Electric Animal: Toward a Rhetoric of Wildlife
Akira Mizuta Lippit
Electric Animal: Toward a Rhetoric of Wildlife
Akira Mizuta Lippit
Differentiation from animals helped to establish the notion of a human being, but the disappearance of animals now threatens that identity. This is the argument underlying Electric Animal, a probing exploration of the figure of the animal in modern culture. Akira Mizuta Lippit shows us the animal as a crucial figure in the definition of modernity-essential to developments in the natural sciences and technology, radical transformations in modern philosophy and literature, and the advent of psychoanalysis and the cinema.

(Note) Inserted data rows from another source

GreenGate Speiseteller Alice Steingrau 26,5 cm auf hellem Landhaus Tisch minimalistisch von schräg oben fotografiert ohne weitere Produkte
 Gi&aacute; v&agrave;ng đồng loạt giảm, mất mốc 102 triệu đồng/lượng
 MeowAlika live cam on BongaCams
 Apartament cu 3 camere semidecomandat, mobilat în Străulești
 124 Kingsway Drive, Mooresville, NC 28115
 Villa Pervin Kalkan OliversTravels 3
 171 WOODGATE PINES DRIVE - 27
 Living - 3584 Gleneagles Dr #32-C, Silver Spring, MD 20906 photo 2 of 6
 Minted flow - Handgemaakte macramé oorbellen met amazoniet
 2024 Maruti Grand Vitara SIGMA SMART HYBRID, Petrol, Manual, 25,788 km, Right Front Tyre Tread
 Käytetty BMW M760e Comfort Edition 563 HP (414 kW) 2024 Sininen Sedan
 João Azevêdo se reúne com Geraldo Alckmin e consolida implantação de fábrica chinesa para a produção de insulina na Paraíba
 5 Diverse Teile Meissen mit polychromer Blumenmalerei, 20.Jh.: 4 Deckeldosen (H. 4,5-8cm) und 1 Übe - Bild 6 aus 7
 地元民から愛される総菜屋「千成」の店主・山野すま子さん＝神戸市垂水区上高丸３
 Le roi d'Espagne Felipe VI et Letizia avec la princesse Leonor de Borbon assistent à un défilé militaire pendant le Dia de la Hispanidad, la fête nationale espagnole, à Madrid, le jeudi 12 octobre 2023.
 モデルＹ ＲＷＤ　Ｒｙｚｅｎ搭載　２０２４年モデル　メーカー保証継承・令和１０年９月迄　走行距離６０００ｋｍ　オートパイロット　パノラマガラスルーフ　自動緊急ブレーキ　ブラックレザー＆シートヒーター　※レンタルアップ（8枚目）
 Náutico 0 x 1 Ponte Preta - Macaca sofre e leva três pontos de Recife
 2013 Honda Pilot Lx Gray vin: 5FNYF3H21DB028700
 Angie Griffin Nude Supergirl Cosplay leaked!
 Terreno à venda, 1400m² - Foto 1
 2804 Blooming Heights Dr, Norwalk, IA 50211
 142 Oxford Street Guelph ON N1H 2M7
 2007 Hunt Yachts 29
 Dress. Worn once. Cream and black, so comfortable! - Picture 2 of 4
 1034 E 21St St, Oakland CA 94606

Moving beyond the dialectical framework that has traditionally bound animal and human being, Electric Animal raises a series of questions regarding the idea of animality in Western thought. Can animals communicate? Do they have consciousness? Are they aware of death? By tracing questions such as these through a wide range of texts by writers ranging from Friedrich Nietzsche to Jacques Derrida, Sigmund Freud to Vicki Hearne, Lewis Carroll to Franz Kafka, and Sergei Eisenstein to Gilles Deleuze, Lippit arrives at a remarkable thesis, revealing an extraordinary logical consensus in Western thought: animals do not have language and hence cannot die.
The animal has, accordingly, haunted thought as a form of spectral and undead being. Lippit demonstrates how, in the late nineteenth century, this phantasmic concept of animal being reached the proportions of an epistemological crisis, engendering the disciplines and media of psychoanalysis, modern literature, and cinema, among others. Against the prohibitive logic of Western philosophy, these fields opened a space for rethinking animality. Technology, usually thought of in opposition to nature, came to serve as the repository for an unmournable animality-a kind of vast wildlife museum.
A highly original work that charts new territory in current debates over language and mortality, subjectivity and technology, Electric Animal brings to light fundamental questions about the status of representation-of the animal and of ourselves-in the age of biomechanical reproduction.